[Exercise materials]:

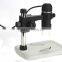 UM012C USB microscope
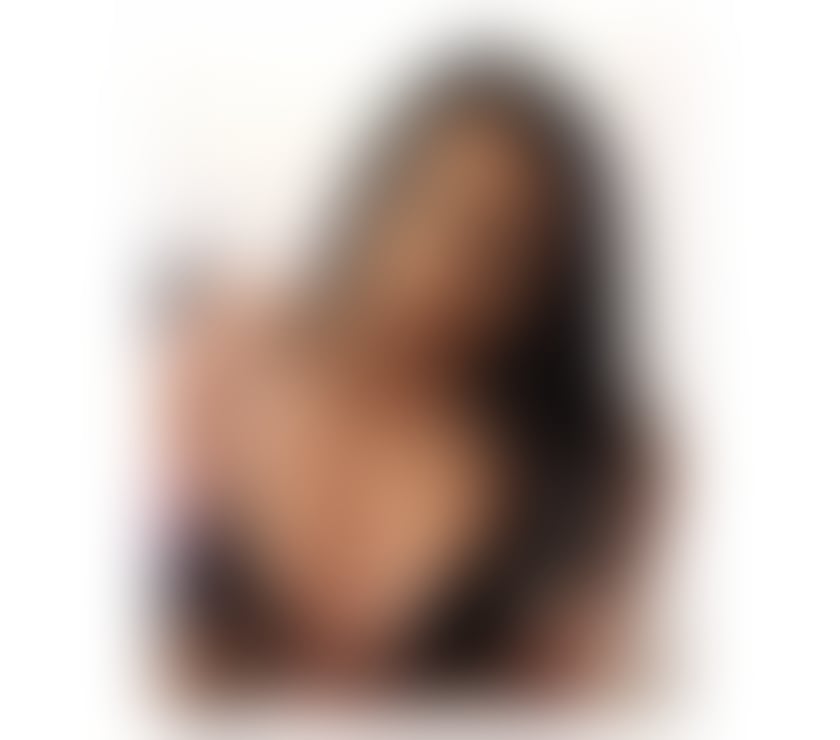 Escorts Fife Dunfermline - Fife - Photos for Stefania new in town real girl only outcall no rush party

==

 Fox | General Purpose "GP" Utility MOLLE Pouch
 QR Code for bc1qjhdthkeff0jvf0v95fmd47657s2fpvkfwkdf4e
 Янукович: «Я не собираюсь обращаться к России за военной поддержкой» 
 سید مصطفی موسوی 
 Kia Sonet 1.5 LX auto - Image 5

[Problem]: Nothing but the lines from the one with "UM012C USB microscope" to the one with "Escorts Fife Dunfermline" above, both included, should be transcribed, exactly and without pictures.

[Result below]:
 UM012C USB microscope
 Escorts Fife Dunfermline - Fife - Photos for Stefania new in town real girl only outcall no rush party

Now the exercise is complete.